Washington: Fresh details have emerged about
David Headley, arrested by FBI for plotting attacks in India,
with the media here reporting that the US terror suspect was
born to a Pakistani diplomat father and an American mother.
At the age of 16, Headley, who was born Daood Gilani, was
taken out of Pakistan, where he attended a military school,
and brought to Philadelphia by his mother who had split with
her husband by then and opened a popular pub-cum-nightspot.
A report in the Philadelphia Inquirer today has brought
out unknown facets of the life of the 49-year-old, who along
with Pakistani-Canadian Tahawwur Rana, allegedly planned
attacks in India and Denmark at the behest of Lashker-e-Toiba.
They are also suspected to have carried out recce of the
deadly 26/11 attack sites in Mumbai.
According to the paper, David's mother Serrill Headley
was founder of the Khyber Pass pub-restaurant in Philadelphia.
After splitting with her husband, a "prominent Pakistani
diplomat", she lost child custody in Pakistani courts.
After two attempts to get her son out of Pakistan failed,
she finally succeeded in 1977.
In Philadelphia, however, Headley suffered from "culture
shock". Raised as a Muslim, he was having trouble adjusting to
the idea that his mother ran a bar, the report said.
"He has never been alone with, much less had a date with,
a girl, except the servant girls of his household," it said.
He changed his name to Headley in 2006 "to raise less
suspicion when he travelled".
The report said the Khyber was a slice of exotica on the
Philadelphia bar scene, with Pakistani wedding tents and 180
brands of beer.
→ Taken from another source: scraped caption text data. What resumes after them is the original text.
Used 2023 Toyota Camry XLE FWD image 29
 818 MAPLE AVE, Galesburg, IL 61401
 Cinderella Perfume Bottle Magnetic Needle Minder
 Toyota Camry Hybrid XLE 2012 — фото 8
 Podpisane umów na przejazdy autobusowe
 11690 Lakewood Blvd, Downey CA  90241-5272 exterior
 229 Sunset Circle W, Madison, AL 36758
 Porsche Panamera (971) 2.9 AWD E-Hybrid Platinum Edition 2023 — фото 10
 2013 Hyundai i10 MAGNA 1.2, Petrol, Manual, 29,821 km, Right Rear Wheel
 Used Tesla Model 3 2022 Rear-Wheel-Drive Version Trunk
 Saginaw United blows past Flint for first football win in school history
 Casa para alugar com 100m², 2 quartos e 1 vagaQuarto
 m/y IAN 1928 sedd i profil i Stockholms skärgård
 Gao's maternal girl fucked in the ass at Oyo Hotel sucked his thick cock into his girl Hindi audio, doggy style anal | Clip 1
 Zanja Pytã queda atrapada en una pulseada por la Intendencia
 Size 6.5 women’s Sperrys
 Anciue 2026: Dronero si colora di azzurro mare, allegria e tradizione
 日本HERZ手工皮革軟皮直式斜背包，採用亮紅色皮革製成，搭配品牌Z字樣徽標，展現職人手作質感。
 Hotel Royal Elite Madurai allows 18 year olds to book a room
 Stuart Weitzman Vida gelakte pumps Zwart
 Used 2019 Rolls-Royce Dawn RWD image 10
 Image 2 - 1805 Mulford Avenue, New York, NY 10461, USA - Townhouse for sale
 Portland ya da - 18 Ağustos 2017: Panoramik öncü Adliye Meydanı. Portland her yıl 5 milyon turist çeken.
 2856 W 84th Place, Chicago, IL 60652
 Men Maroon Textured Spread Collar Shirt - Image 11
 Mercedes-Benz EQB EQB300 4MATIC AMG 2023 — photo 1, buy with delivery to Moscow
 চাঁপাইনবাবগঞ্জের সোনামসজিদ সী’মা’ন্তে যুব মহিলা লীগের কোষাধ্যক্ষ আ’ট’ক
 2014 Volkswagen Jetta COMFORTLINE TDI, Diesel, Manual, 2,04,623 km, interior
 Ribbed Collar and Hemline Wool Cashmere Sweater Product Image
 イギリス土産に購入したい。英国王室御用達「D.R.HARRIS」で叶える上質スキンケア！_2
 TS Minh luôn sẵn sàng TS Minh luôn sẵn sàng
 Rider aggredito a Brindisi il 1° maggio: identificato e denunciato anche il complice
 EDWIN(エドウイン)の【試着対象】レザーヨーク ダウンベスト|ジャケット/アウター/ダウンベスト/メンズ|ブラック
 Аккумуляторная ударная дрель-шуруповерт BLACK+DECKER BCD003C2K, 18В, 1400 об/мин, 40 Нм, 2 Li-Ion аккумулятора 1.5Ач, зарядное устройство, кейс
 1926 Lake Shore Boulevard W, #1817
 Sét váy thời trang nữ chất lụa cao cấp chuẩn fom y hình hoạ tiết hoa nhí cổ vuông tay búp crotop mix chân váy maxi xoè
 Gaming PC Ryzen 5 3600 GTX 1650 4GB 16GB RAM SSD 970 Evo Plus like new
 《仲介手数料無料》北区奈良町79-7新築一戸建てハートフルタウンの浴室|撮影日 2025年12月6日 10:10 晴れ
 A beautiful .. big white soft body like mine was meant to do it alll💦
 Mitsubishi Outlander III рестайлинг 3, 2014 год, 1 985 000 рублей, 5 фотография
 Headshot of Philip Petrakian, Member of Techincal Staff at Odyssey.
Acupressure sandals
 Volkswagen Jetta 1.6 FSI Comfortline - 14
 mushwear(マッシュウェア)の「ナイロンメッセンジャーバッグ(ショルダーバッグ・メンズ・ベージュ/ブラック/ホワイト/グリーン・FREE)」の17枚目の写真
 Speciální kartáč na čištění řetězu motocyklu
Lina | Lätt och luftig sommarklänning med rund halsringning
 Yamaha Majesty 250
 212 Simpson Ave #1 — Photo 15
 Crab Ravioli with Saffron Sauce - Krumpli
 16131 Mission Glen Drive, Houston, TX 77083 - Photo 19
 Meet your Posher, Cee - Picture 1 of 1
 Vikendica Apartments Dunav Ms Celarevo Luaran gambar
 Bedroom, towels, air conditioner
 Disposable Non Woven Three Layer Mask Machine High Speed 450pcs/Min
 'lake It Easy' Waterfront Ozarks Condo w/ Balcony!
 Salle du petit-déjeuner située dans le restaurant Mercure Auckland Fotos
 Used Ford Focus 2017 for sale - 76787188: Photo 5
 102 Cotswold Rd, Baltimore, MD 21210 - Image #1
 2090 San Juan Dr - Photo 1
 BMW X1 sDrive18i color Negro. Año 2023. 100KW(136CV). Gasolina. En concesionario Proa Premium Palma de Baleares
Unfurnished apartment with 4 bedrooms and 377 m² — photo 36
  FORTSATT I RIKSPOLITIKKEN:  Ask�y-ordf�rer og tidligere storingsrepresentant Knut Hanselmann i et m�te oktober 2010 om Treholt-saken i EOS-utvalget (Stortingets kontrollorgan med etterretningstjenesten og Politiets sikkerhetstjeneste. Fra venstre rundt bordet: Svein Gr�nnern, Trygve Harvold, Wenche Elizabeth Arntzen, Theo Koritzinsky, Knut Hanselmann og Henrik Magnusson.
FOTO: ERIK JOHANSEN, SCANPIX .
Eventually, Serrill turned it over to her son.
"His mother owned it and gave it to him around 1985,"
said Stephen Simons, current owner of the bar, now called the
Khyber. "He ran it for about a year and ran it into the
ground," Simons said. Simons' brother bought the bar in 1988.
David Headley studied accounting, possibly at a community
college in the Philadelphia region. With his mother, he
operated a video store, FliksVideo, in Center City.
Serrill Headley died in 2008. Her second husband, Dick
Pothier, was an Inquirer reporter. He also died in 1995.
In 1997, Headley, under his birth name of Gilani, was
convicted on federal charges in Brooklyn of smuggling heroin
into the country. He was sentenced to 15 months in prison, the
report said.
Headley had been living in the north side of Chicago,
authorities said, in an apartment under the name of a dead
man. Although he has claimed to be a consultant in an
immigrations business, federal agents who have had him under
surveillance found no evidence that was true.